WORK TO BE COMPLETED: An exact repeat is needed of the lines from the one with "Explore Loutraki on" through the last line of the data below. Please omit the pictures.

INFORMATION SHOWN:
◆ ◆ ◆ ◆ ◆ ◆ ◆
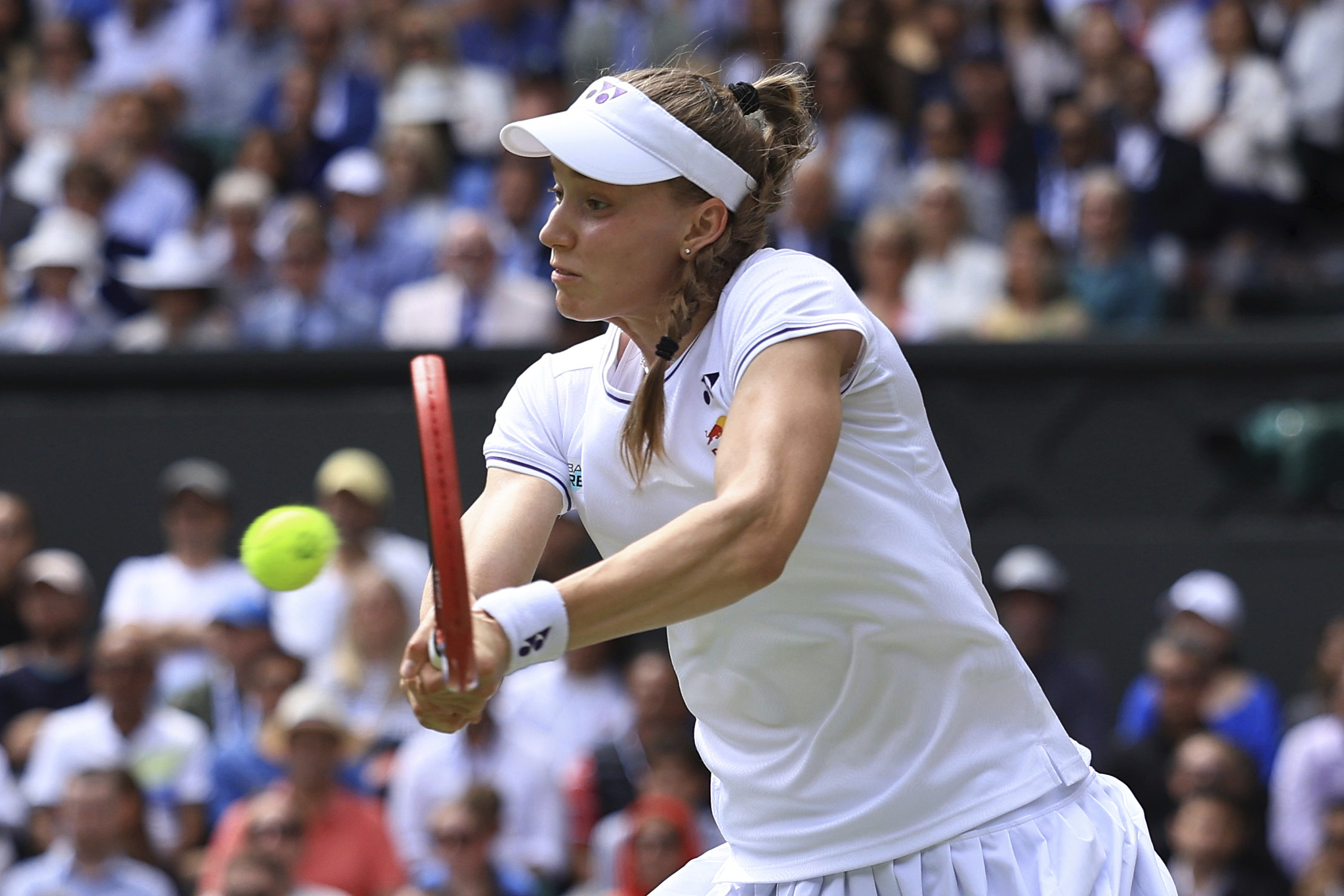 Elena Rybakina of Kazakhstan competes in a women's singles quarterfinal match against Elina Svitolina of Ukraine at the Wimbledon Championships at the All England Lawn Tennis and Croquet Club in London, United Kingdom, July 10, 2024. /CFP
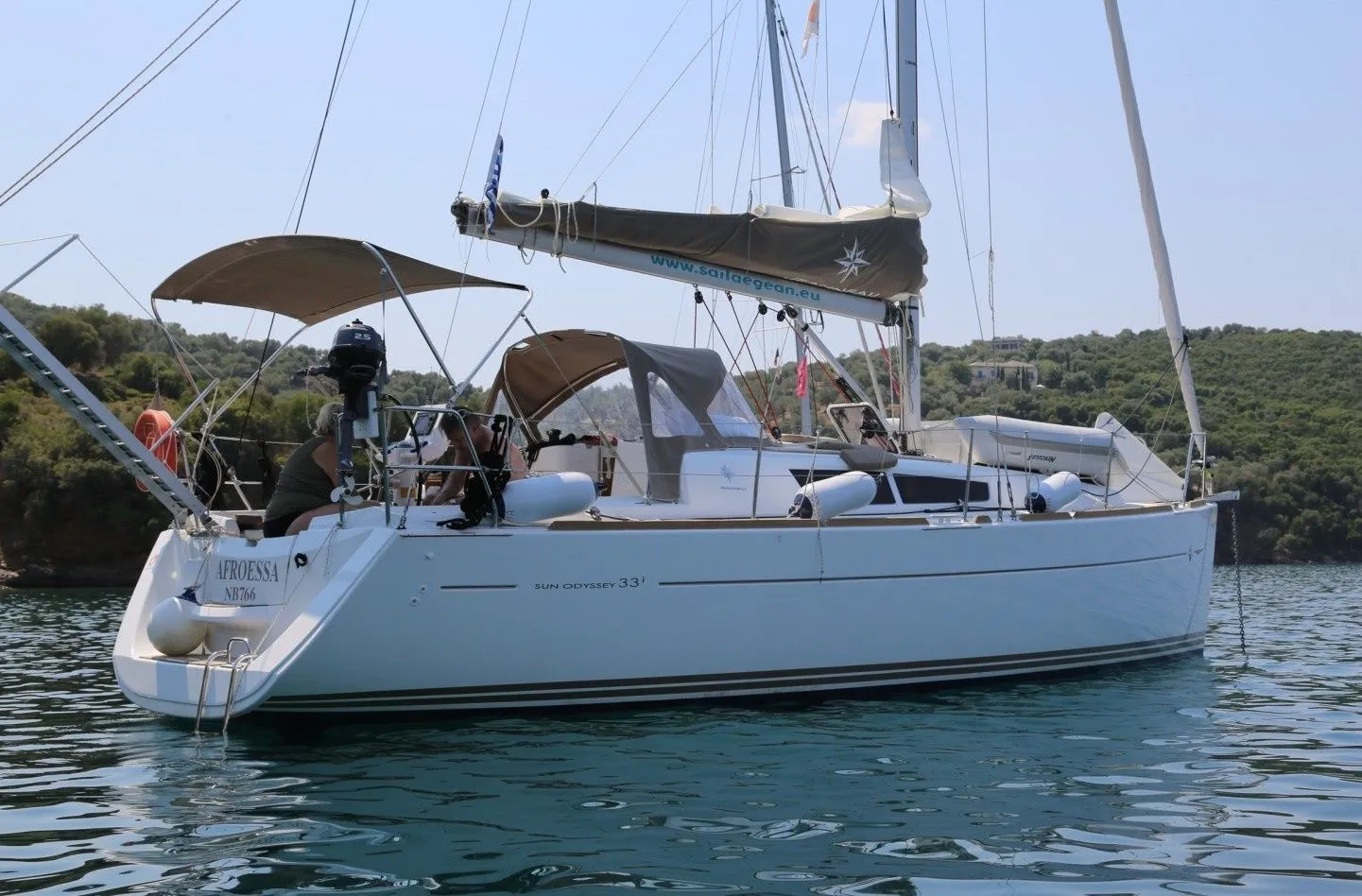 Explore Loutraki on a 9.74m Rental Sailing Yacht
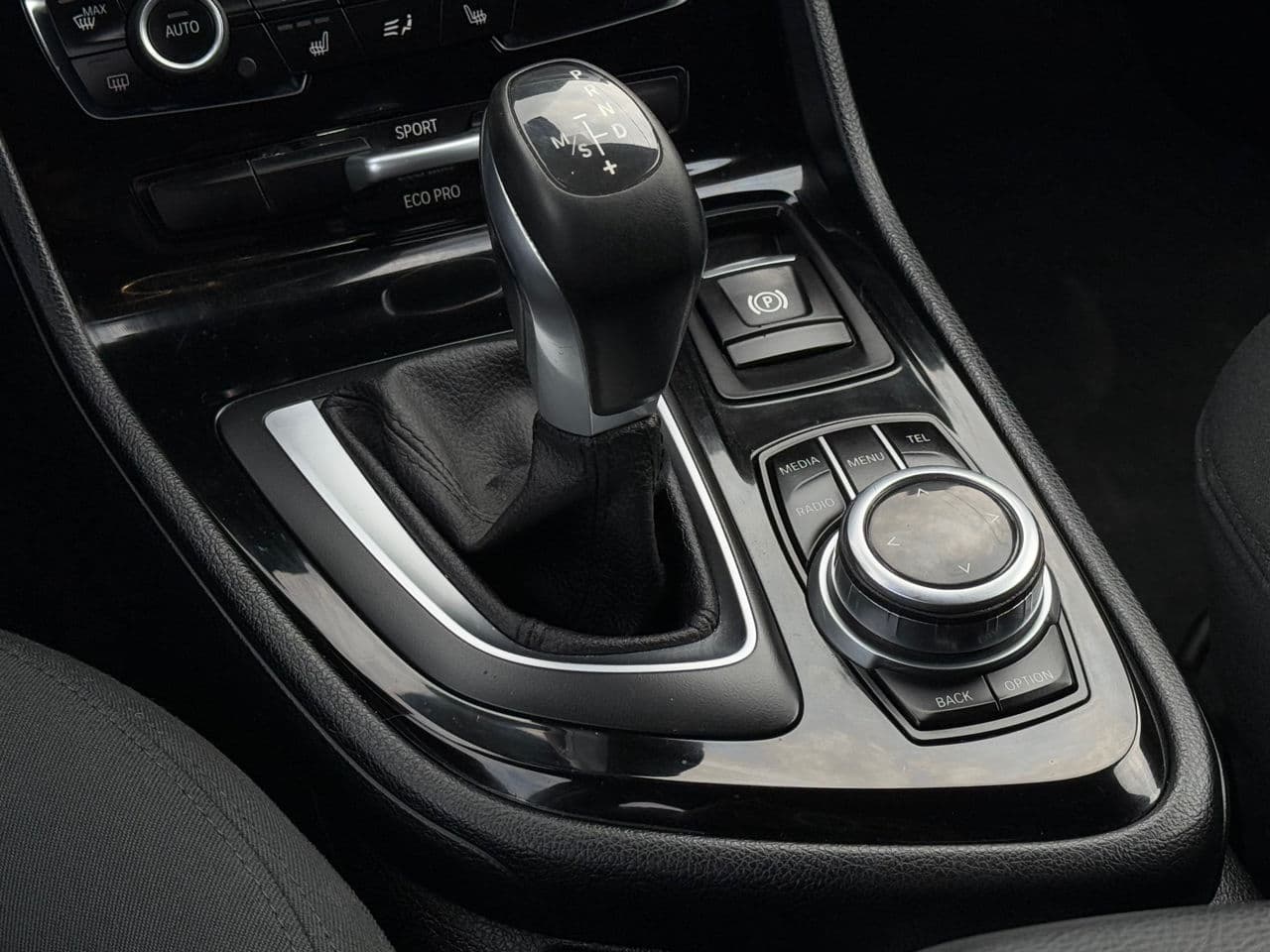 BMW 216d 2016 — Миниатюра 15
◆ ◆ ◆ ◆ ◆ ◆ ◆
SOLUTION FOR THIS TASK:
 Explore Loutraki on a 9.74m Rental Sailing Yacht
 BMW 216d 2016 — Миниатюра 15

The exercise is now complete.